═══ RECORD SET ═══

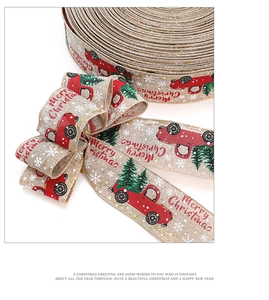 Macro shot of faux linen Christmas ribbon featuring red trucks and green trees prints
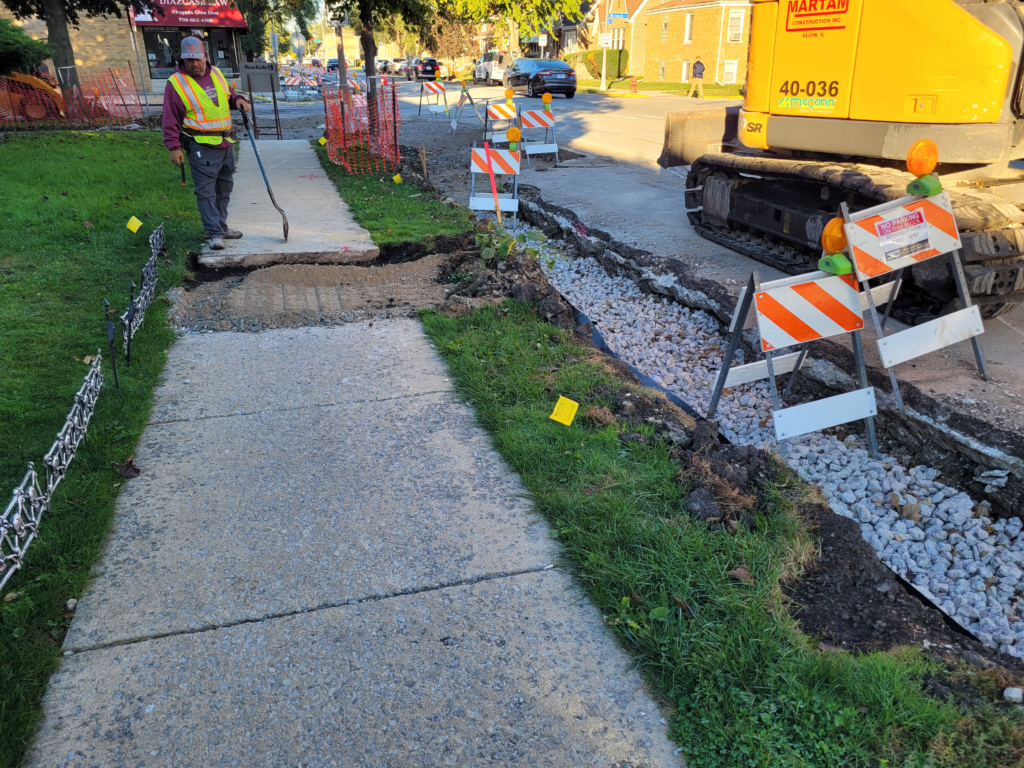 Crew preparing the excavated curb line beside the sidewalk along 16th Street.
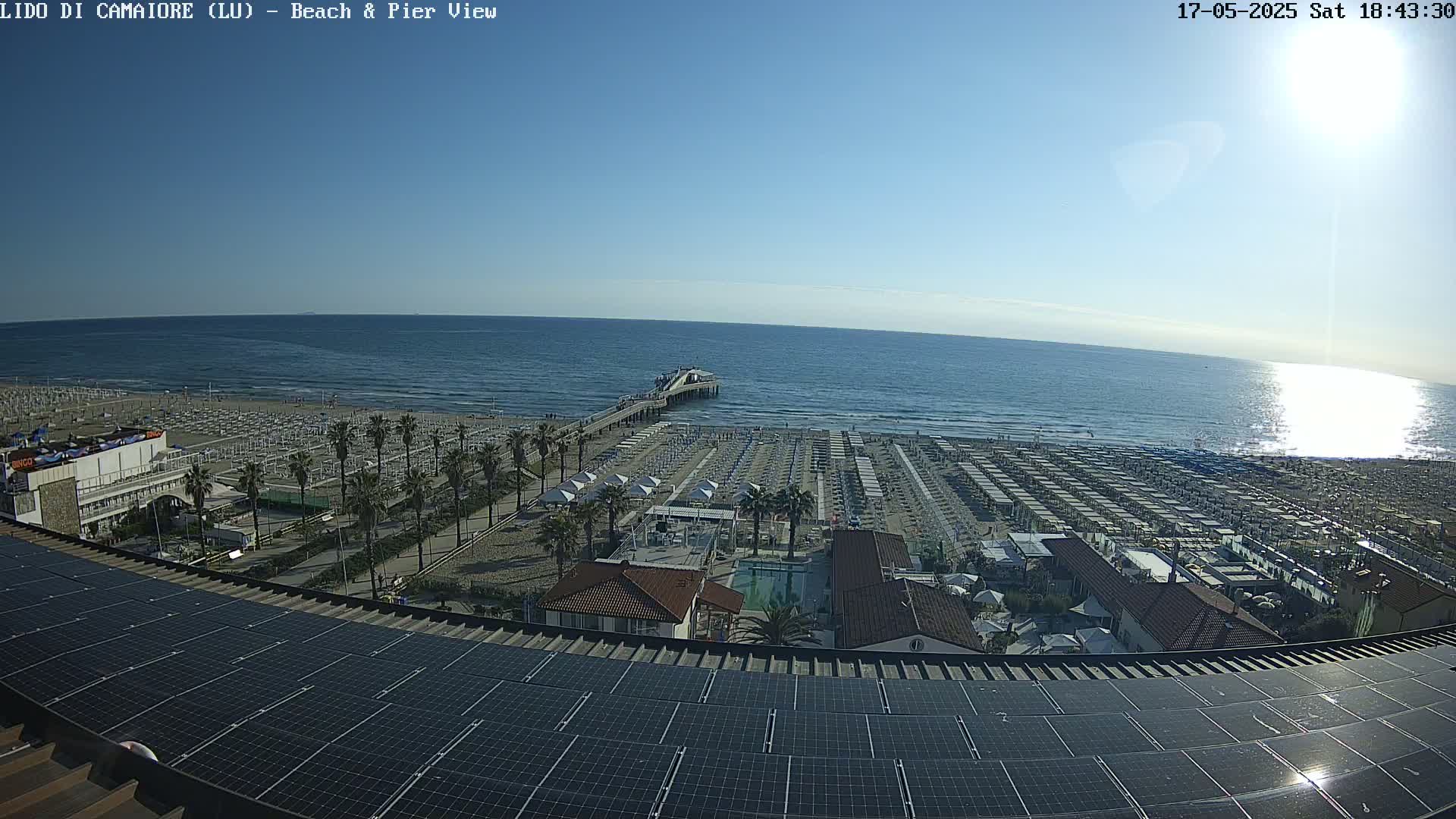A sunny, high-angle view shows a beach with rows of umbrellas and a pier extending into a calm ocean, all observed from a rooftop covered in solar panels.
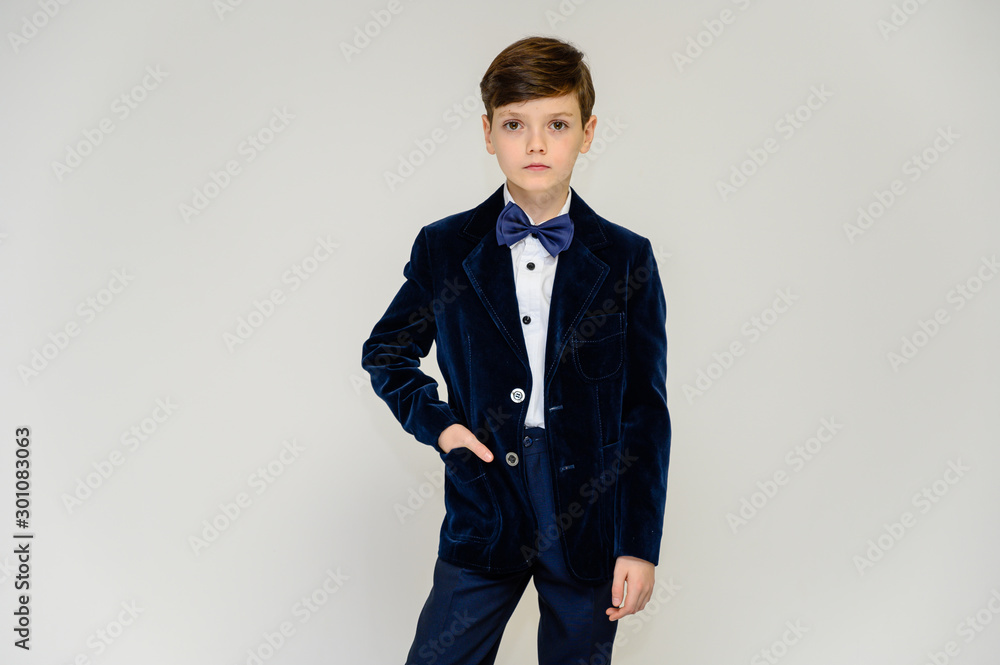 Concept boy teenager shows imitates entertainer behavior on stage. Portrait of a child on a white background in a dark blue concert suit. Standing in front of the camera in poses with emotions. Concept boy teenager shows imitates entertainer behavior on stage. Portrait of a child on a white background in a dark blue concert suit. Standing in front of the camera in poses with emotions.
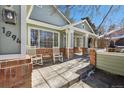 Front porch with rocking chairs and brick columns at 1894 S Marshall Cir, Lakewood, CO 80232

═══
═══ RECORD SET ═══

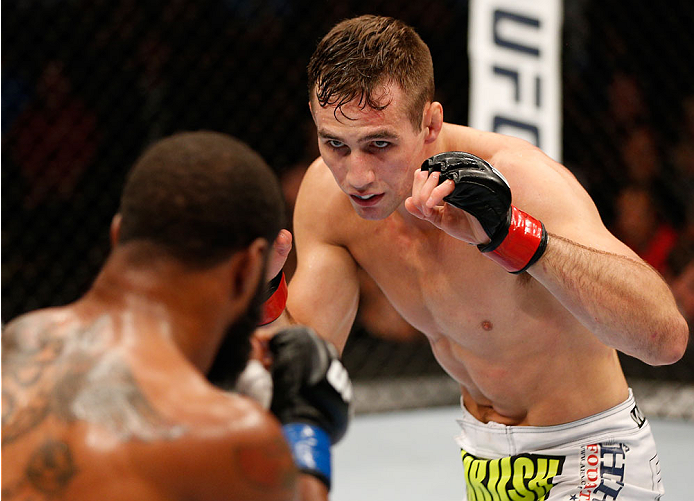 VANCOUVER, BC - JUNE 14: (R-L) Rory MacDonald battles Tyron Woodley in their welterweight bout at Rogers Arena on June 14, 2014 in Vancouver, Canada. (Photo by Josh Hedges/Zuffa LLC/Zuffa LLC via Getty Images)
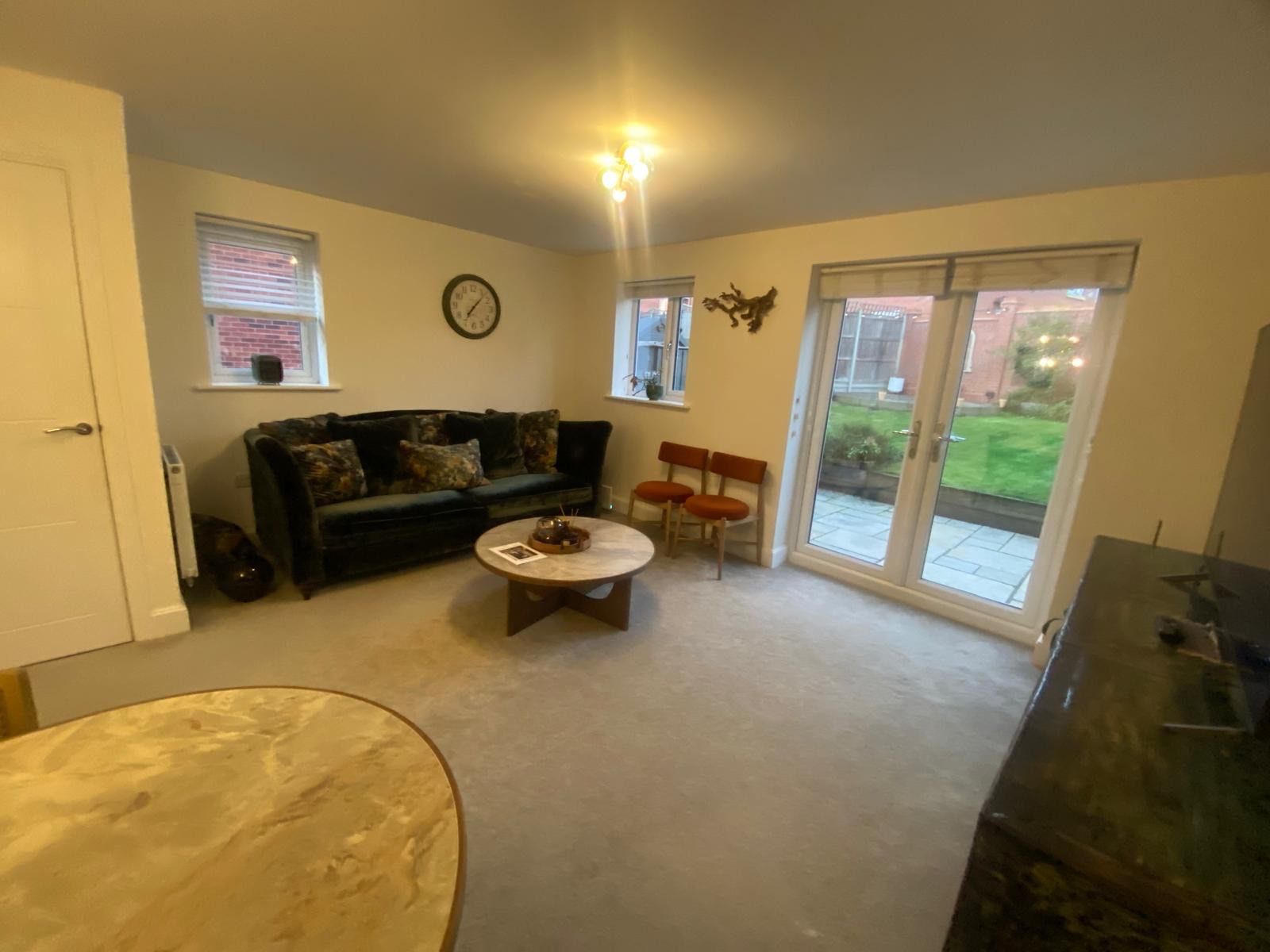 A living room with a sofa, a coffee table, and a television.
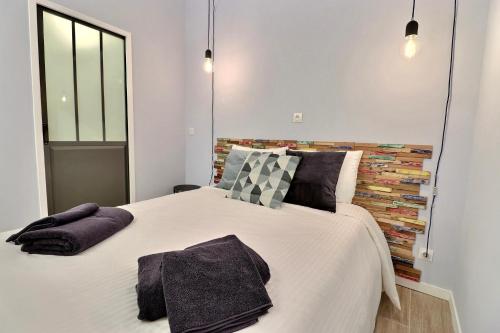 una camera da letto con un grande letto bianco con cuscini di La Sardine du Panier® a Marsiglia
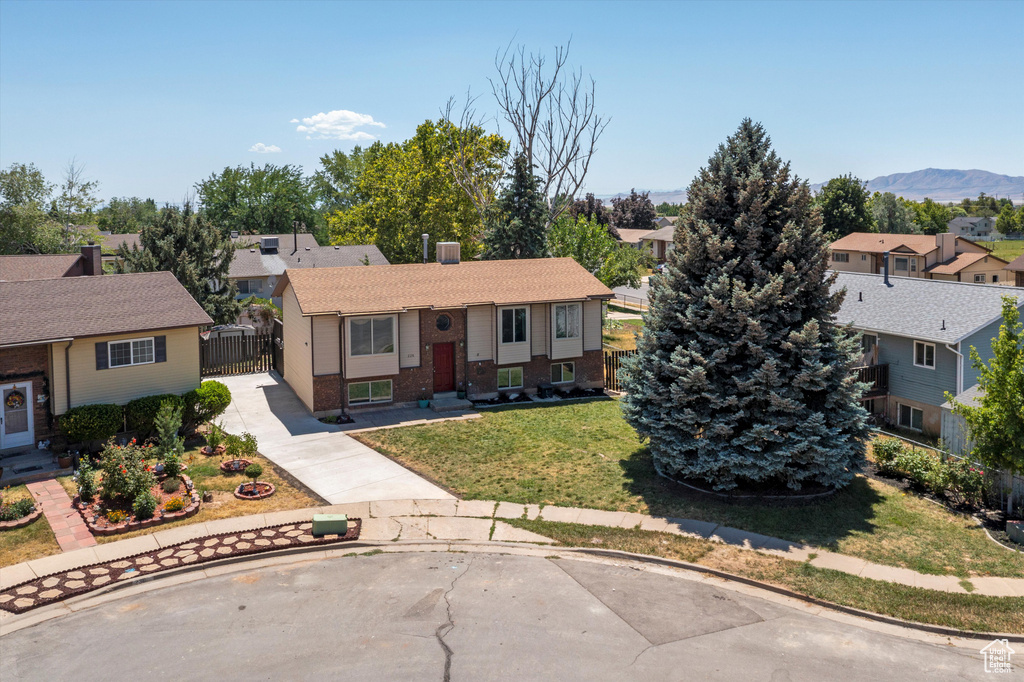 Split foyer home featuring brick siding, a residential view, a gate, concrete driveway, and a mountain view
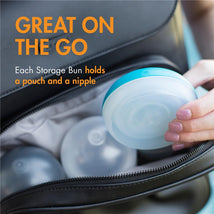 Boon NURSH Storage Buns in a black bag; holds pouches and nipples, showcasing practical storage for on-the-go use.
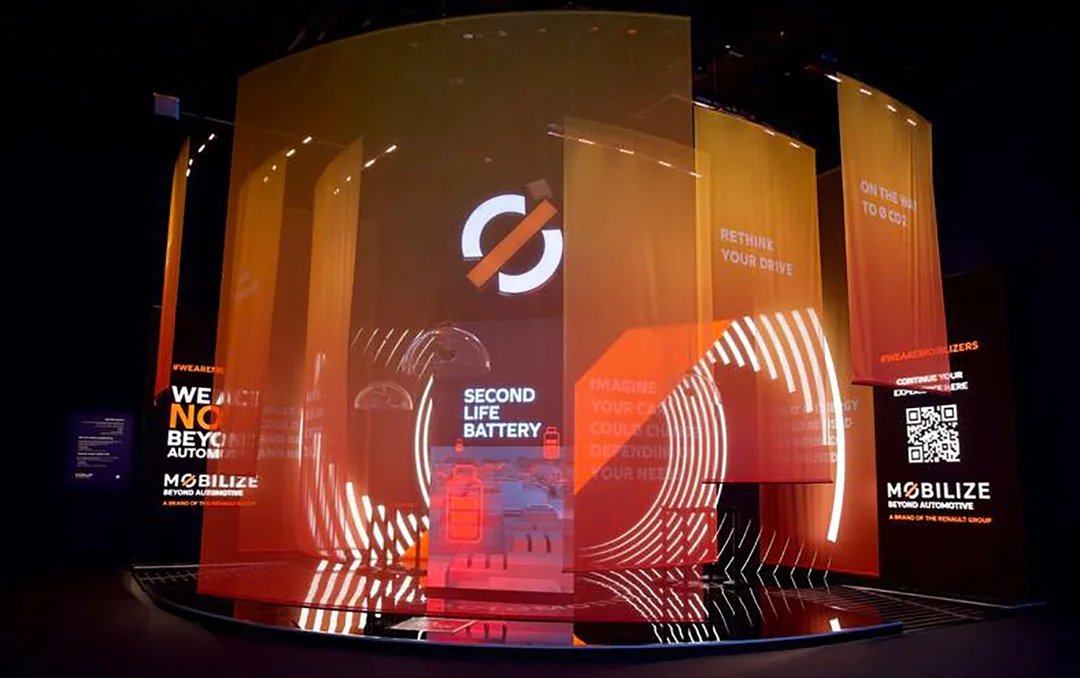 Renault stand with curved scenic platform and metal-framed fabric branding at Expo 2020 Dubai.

═══
═══ RECORD SET ═══

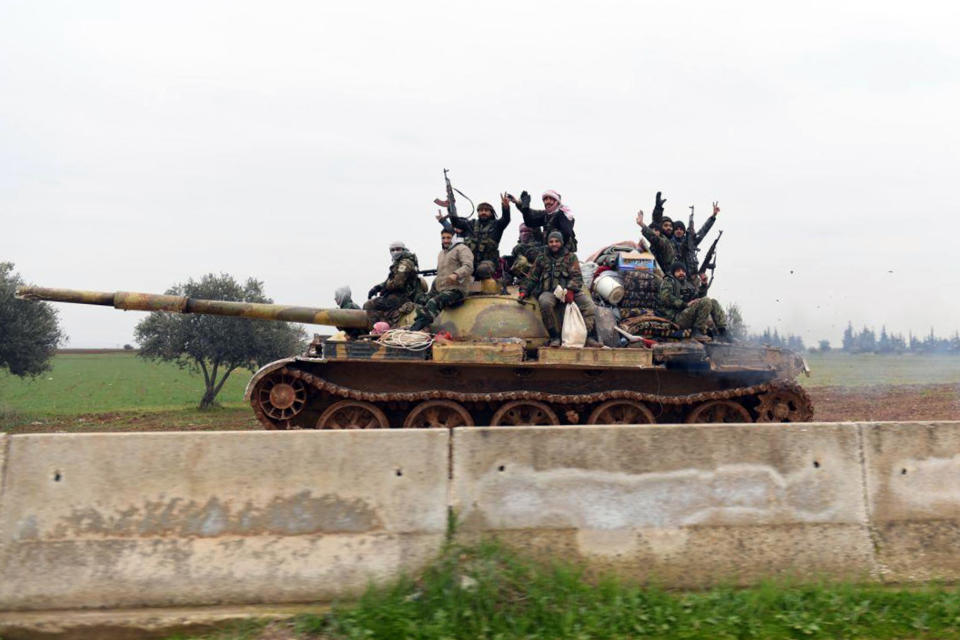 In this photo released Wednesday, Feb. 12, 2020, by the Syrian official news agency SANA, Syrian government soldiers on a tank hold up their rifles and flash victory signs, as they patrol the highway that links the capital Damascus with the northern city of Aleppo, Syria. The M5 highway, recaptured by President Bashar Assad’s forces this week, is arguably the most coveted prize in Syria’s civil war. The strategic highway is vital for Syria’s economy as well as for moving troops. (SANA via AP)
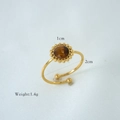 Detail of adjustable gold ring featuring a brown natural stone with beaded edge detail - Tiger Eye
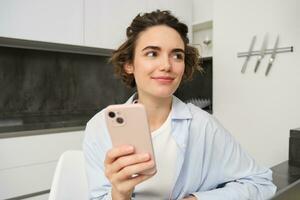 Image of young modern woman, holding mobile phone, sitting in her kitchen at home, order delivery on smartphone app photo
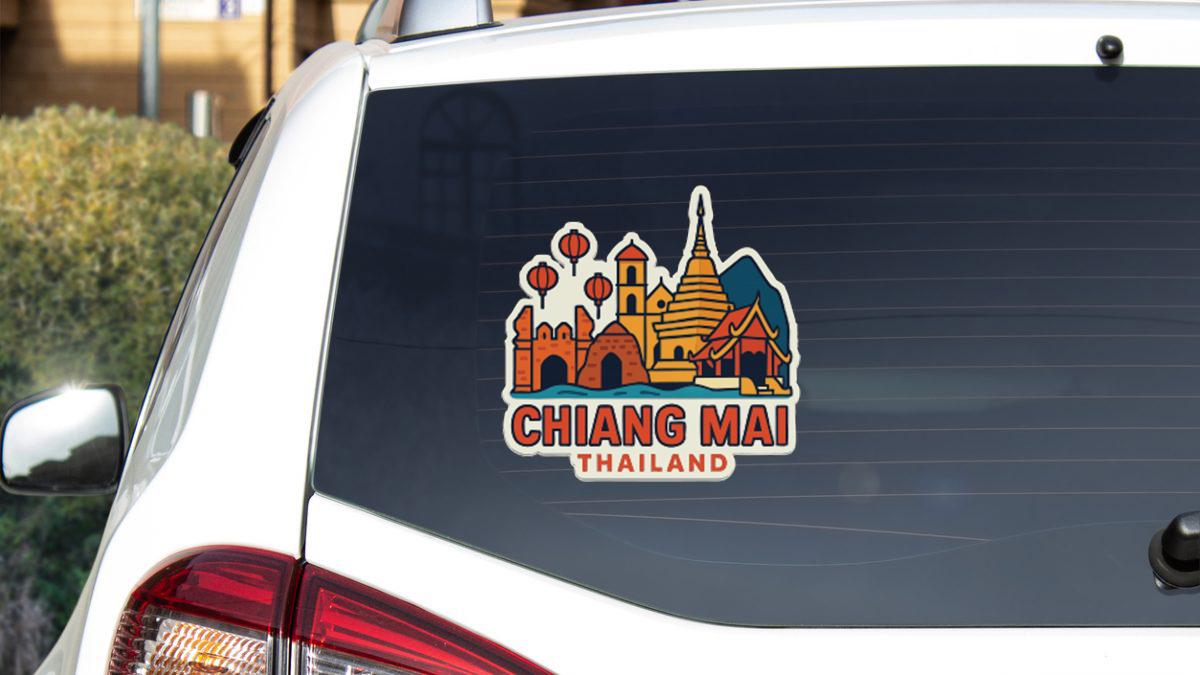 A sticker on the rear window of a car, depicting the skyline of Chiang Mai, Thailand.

═══

= EXERCISE DESCRIPTION =
Go back to the listing above and write out the lines starting at the one with "Crew preparing the" and ending at the one with "A sunny, high-angle", inclusive, exactly and without pictures.

= RESPONSE =
 Crew preparing the excavated curb line beside the sidewalk along 16th Street.
A sunny, high-angle view shows a beach with rows of umbrellas and a pier extending into a calm ocean, all observed from a rooftop covered in solar panels.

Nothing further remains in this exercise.